The Whooper Swan can also be mistaken for the Bewick Swan whose he's very close. There are two ways to differentiate them: the Whooper Swan is much bigger, with a longer neck and a more angulous head, and the beak's yellow/black layout is different. While the Whooper's Swan beak looks globally yellow with just a black tip, the Bewick's Swan's one is mainly black with a yellow base, sometimes half yellow, half black. Unlike the Mute Swan, it never raises its wings above its back when it swims and its neck is straighter.

Winters on low agricultural land, generally not far from coast. Breeds in northern zones, on shallow fresh waters: pools, lakes and rivers in wooded country. Rarely in tundra.

Cygnus cygnus breeds mainly in Iceland, Fennoscandia and northern Russia, but winters patchily across much of Europe, which constitutes >50% of its global wintering range. Its European wintering population is relatively large (>65,000 individuals), and was stable between 1970-1990. Although there were declines in a handful of countries during 1990-2000, most European wintering populations-including key ones in Denmark and Germany-were broadly stable or increased, and the species underwent a large increase overall.
Whooper Swans nest mainly in Eurasian boreal regions. They split in three distinct groups. The most occidental one, with a stable population of about 16 000 individuals, nests in Iceland. The central one nests in Scandinavia and Occidental Russia. It is estimated at 59 000 individuals, regularly increasing. The most oriental group is located in Siberia. Its population, estimated at 17 000 individuals, is probably decreasing. These groups migrate south beginning autumn with the first cold days. The occidental group leaves Iceland for the British Isles, North Sea and Channel coasts, as far as the farthest point of Brittany. The oriental group sets up on Caspian and Black Sea shores. The Scandinavian group is the one that has the shortest migration. During winter, Whooper Swans, like Bewick Swans, spend a great deal of time grazing.

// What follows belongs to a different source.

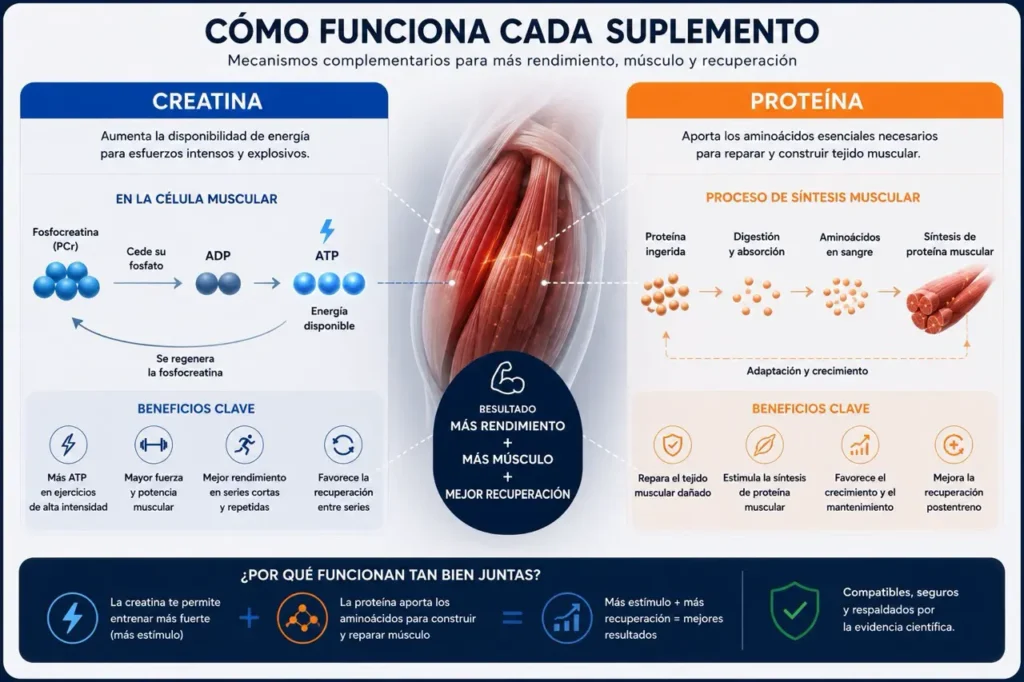 beneficios tiene mezclar creatina y proteína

Essentially vegetarian. It eats aquatic plants and uses all parts of it (stems, leaves, roots, shoots). It also graze in prairies, like geese. It may eat small invertebrates, but it's a minor part of their diet.

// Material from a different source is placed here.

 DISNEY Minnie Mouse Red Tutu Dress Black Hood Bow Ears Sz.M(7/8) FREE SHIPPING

This species has a large range, with an estimated global Extent of Occurrence of 10,000,000 kmē. It has a large global population estimated to be 180,000 individuals (Wetlands International 2002). Global population trends have not been quantified, but the species is not believed to approach the thresholds for the population decline criterion of the IUCN Red List (i.e. declining more than 30% in ten years or three generations). For these reasons, the species is evaluated as Least Concern. [conservation status from birdlife.org]

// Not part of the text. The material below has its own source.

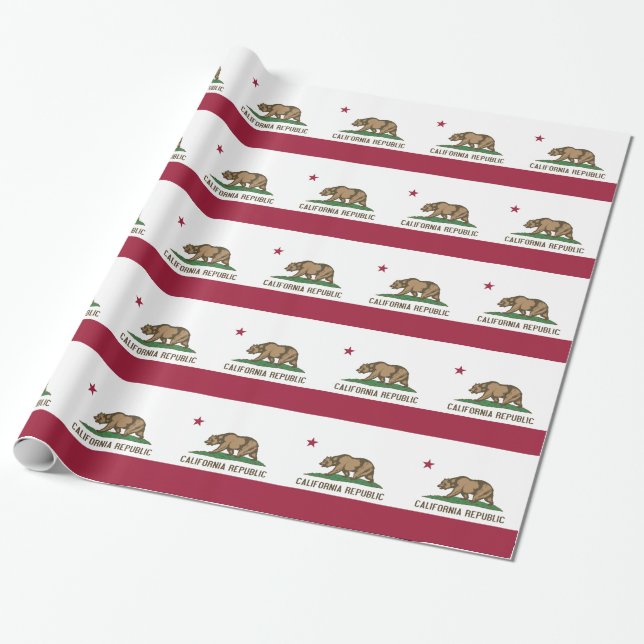 Papier mit der Flagge Kaliforniens Geschenkpapier (Ungerollt)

Pairs unite for lifetime. Males are very active in nest building. Their nest is bulky and made essentially with stems and leaves. The bottom is covered with twigs, leaves and feathers. In April-May, the female lays 4 to 7 eggs and sits on for 5 to 6 weeks. Chicks are precocious and are carried on the female's back under the male's aggressive watch and protection. Taking flight occurs 87 to 90 days after hatching.

Migratory. Part of Icelandic population remains in winter. Migrates southwards to temperate areas, sporadically in more southern latitudes in cold winters; vagrant to USA and Pakistan.